India: stop al “turismo della tigre”. I pro e i contro

(New Delhi, India - 1/5/2010)

La prospettiva di avvistare una tigre del Bengala nel suo ambiente naturale è sempre stata uno dei punti di forza di molti parchi e riserve indiane.
Questa settimana il governo indiano ha deciso di bandire gradualmente il turismo dalle 37 riserve nazionali che ospitano i grandi felini. Secondo il ministro dell'Ambiente, Jairam Ramesh, per le poche tigri rimaste - appena 1.400 esemplari - il turismo sta diventando una minaccia seria almeno quanto il bracconaggio.

Una decisione così drastica ha diviso gli animi. Tutti concordano sul fatto che solo un'azione radicale può salvare la tigre dall'estinzione, ma il turismo non è certamente il solo pericolo. Anzi, la misura annunciata dal governo indiano potrebbe rappresentare un'ulteriore minaccia per i felini, lasciandoli definitivamente alla mercé dei bracconieri.

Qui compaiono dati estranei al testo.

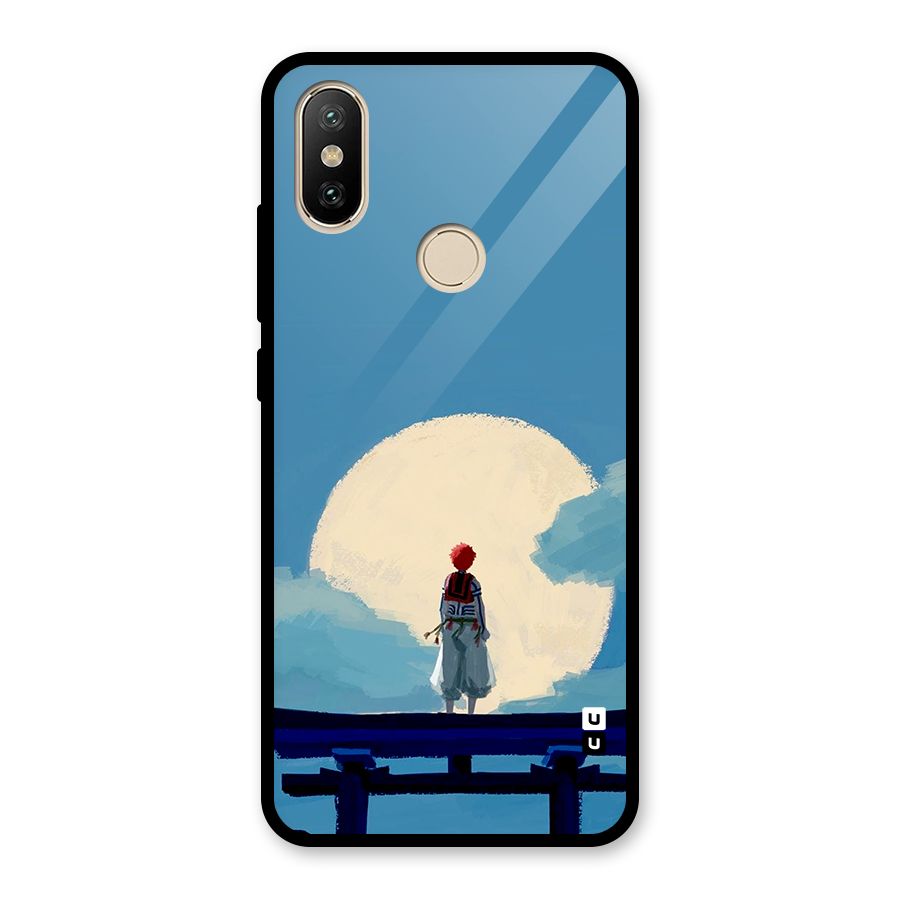 Akaza Waiting Glass Back Case for Redmi A2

Gli operatori turistici sostengono che la miglior protezione per le tigri è rappresentata proprio dalle zone turistiche e che, una volta stroncato questo settore, che genera importanti entrate, le foreste non avranno più alcun valore e saranno sacrificate all'agricoltura, allo sfruttamento minerario o ad altre attività industriali.
Ai confini dei parchi, l'industria del turismo offre mezzi di sussistenza alternativi a centinaia di persone, che sarebbero invece costretti a ricorrere ad agricoltura di sussistenza, o peggio al disboscamento illegale e al bracconaggio.
Il parco Bandavgarh, che da solo riceve 45 mila visitatori l'anno, e il Corbett National Park, quello dedicato all'ambientalista Jim Corbett, uno dei primi ad essere istituiti in India, hanno ancora una densità di esemplari relativamente alta, se confrontata ad altre zone meno turistiche, sempre secondo gli operatori del comparto. Questo grazie alle unità anti-bracconaggio e ai veicoli circolanti otto ore al giorno, che trasportano guide e turisti.

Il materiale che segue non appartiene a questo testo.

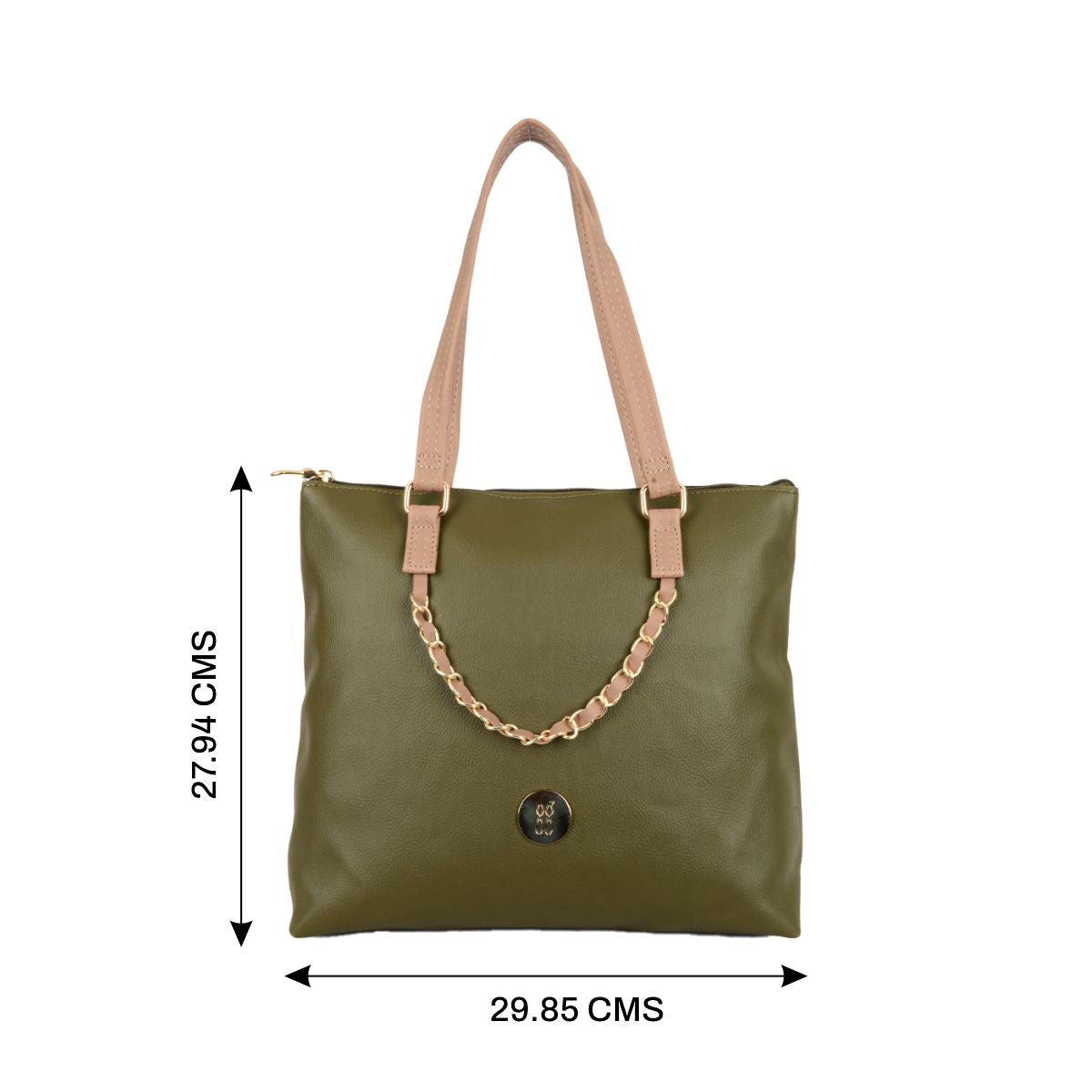 Umaru Green Medium Tote Bags-1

Ma l'industria del turismo non è certo leggera. La maggior parte degli esperti ritiene che la pressione esercitata dal turismo sull'habitat delle tigri abbia ormai superato i livelli critici.
Il ministro dell'ambiente ha promesso un giro di vite sui resort di lusso che crescono come funghi nel cuore delle riserve, proprio lungo i corridoi usati dagli animali selvatici per spostarsi da un territorio all'altro. Frotte di turisti chiassosi a bordo di jeep o a dorso di elefanti, in preda alla frenesia di avvistare questi rarissimi felini, distruggono la vegetazione e disturbano le prede di cui le tigri si nutrono, contribuendo al degrado dell'intero ecosistema.
Molte riserve sono state criticate dagli ambientalisti per l'uso di sistemi di telemetria radio per il tracciamento delle tigri a beneficio dei turisti: appena un mahaut - un driver di elefante - ne segnala la presenza, una sola tigre viene perseguitata da decine di veicoli strombazzanti.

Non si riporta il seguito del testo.